To carry out the tobacco expansion process of the present invention, tobacco having a moisture content (OV value) in the range of about 8 to 30 wt. % (the normal moisture content of tobacco being 10-13%), preferably about 10-16 percent, and preferably about 13 to 16 percent, most preferably 16-19%, is confined within a pressure vessel provided having one or more conduits for introducing and withdrawing gases. The tobacco is placed in the vessel in such a manner whereby it can be suitably immersed or contacted by the expansion agent. Preferably, most of the air is removed from the vessel prior to introduction of expansion agent to increase safety in view of the combustible components used in the expansion agent and to reduce dilution of the expansion agent gases to be introduced into the vessel. However, the air-removal step may be eliminated without detriment to the final product. The air may be removed by purging the vessel with an inert gas, such as nitrogen or expansion agent, or by the use of a vacuum. It is possible, but not preferred, to evacuate air from the vessel to a suitable subatmospheric pressure of, for example, about 125 mm. of mercury absolute but such treatment can result in undesirable moisture changes in the tobacco.

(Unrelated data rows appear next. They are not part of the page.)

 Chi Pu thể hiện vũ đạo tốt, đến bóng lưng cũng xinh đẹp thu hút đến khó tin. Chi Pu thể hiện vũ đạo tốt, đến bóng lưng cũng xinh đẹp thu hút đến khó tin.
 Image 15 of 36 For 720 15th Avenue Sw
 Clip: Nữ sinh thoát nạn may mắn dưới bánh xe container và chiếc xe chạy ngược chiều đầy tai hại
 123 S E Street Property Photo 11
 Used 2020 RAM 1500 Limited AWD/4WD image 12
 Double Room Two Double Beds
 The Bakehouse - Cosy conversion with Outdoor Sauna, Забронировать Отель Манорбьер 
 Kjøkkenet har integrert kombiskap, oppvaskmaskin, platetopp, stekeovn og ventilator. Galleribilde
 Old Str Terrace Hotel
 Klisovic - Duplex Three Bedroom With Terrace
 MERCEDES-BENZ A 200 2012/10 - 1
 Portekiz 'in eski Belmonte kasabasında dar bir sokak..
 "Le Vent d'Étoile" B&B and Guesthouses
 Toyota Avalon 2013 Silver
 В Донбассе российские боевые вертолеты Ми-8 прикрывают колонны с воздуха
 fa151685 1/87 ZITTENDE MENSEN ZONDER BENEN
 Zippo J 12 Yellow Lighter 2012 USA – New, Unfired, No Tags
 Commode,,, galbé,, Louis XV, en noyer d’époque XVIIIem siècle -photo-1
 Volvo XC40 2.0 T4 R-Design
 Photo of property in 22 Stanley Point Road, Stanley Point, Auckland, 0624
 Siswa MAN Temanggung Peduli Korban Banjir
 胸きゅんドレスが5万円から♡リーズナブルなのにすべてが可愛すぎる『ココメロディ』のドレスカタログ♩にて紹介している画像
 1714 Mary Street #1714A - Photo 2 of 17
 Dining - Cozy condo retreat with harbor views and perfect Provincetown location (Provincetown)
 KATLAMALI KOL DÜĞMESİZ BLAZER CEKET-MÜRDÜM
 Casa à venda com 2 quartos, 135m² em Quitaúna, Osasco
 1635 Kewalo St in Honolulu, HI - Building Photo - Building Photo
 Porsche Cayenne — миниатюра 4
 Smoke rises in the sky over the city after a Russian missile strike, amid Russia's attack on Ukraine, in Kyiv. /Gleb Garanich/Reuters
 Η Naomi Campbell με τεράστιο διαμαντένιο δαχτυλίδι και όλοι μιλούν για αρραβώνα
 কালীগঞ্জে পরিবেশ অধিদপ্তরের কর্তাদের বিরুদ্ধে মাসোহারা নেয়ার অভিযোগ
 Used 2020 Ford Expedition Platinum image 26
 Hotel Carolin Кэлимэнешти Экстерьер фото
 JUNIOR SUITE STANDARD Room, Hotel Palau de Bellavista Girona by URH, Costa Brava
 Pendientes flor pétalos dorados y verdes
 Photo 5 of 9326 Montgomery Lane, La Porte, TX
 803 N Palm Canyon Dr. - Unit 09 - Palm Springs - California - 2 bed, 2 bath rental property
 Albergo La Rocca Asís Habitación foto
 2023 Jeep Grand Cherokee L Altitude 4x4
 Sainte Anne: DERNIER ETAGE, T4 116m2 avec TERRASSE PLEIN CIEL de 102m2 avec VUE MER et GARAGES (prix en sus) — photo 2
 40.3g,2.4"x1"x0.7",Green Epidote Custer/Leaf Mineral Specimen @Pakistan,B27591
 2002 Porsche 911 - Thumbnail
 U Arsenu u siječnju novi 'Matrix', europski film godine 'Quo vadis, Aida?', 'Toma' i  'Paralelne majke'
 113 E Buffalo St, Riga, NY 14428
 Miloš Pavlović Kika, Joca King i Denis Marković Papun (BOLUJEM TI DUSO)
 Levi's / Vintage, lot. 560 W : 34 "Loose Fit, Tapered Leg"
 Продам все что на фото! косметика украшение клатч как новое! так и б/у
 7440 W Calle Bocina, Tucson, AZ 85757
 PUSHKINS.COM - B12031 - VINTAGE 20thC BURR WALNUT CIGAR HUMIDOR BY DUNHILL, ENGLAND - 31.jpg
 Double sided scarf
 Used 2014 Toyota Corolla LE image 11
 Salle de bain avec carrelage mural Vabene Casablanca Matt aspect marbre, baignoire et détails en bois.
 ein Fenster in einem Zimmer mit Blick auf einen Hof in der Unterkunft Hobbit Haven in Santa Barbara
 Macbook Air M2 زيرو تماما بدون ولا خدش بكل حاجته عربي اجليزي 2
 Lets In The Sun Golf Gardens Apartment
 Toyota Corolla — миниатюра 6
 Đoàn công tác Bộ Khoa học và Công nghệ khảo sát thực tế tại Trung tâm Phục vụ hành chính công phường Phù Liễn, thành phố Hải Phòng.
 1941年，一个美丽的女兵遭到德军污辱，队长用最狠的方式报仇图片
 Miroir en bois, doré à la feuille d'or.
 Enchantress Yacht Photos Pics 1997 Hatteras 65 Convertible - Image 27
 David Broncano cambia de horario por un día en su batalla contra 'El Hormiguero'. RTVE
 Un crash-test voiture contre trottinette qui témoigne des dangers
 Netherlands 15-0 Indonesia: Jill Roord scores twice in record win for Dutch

The vessel is then pressurized while the expansion agent is being heated, in a heat exchanger connected to the vessel, to a temperature well above the critical temperature of the agent. A pressure well above the critical pressure of the agent is also maintained. These impregnation conditions are maintained for a period of time, depending upon the carbon dioxide content and the extent to which the pressure exceeds the critical pressure of the agent (higher carbon dioxide content and lower pressure requires longer impregnation times). The impregnation conditions are preferably maintained for a period of about 1 to 5 minutes.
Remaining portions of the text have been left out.